Whenever my 4-year-old son tries something new, he becomes frustrated if he has any difficulty at all. This happens when practicing numbers, letters, or anything else I try to teach him. I tell him that he’s doing fine and will do better with practice, but it’s obviously not sinking in. In general, he’s a perfectionist in the sense that everything must be “just so.” It worries me because we have depression, anxiety, and OCD on both sides of the family. I’ve also heard that perfectionism is characteristic of oldest children. Does that also apply to only children? Could it be a result of the fact that his father and I have been separated for a while now? What can I say to him in order to help him not be so hard on himself?
I am reminded of the Harvey Korman line from the “Blazing Saddles,” “My mind is a raging torrent, flooded with rivulets of thought, cascading into a waterfall of creative alternatives.”
My intentionally obscure point is that you are overthinking this situation, attributing your son’s performance issues to heredity, separation, being the oldest or only child, and something else tomorrow. The more you think about this, trying to figure out the answer to why he’s a perfectionist, the more you will worry. It goes without saying that you need to think straight about this, but you’re not.

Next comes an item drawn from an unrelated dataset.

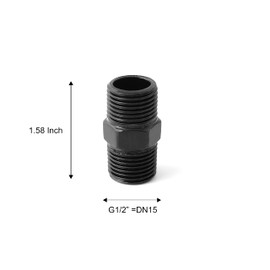 1/2" Black Hex Steel Threaded Pipe Nipple, Home TZH 10 Pack 1/2” Threaded Pipe Nipples for Steam-punk Vintage Shelf Bracket DIY Plumbing Pipe Decor Furniture（10, Black 1/2")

First, lots of children are perfectionists. Wanting to do things right is a basic and useful trait. Generally, it levels off with maturity. And it’s not a harbinger of depression, debilitating anxiety, or obsessive-compulsive disorder. While we’re on those topics, no one has ever provided compelling proof that those problems are genetically transmitted. A good number of depressed people, for example, have no family history of depression.
Maybe your son’s issues should prompt you to stop teaching him academic material. Studies have shown that by third grade, children who did not receive academic education before first grade can rival those who did in ability. That early education is not appreciable. Furthermore, your son may come to associate learning with highly negative feelings. This goes a long way toward explaining the finding that the earlier a child learns to read, the less likely it is he or she will enjoy reading at age 16.
There is also strong evidence to suggest that the average child —no matter how smart he or she may be—is not fully ready for symbol-based learning (i.e., letters and numbers) until the age of six. That is undoubtedly not the only factor, but it is interesting to note that in the days when the typical American child did not begin his or her formal education until first grade, literacy rates were higher.
My best guess is that your son is not frustrated and beating himself up because of depression in your family, being an only child, or the fact that you and his father are separated. He’s frustrated because you’re expecting him to do something he’s not developmentally ready to do. Stop teaching academics. Love him and discipline him equally well. Let him enjoy being a 4-year-old.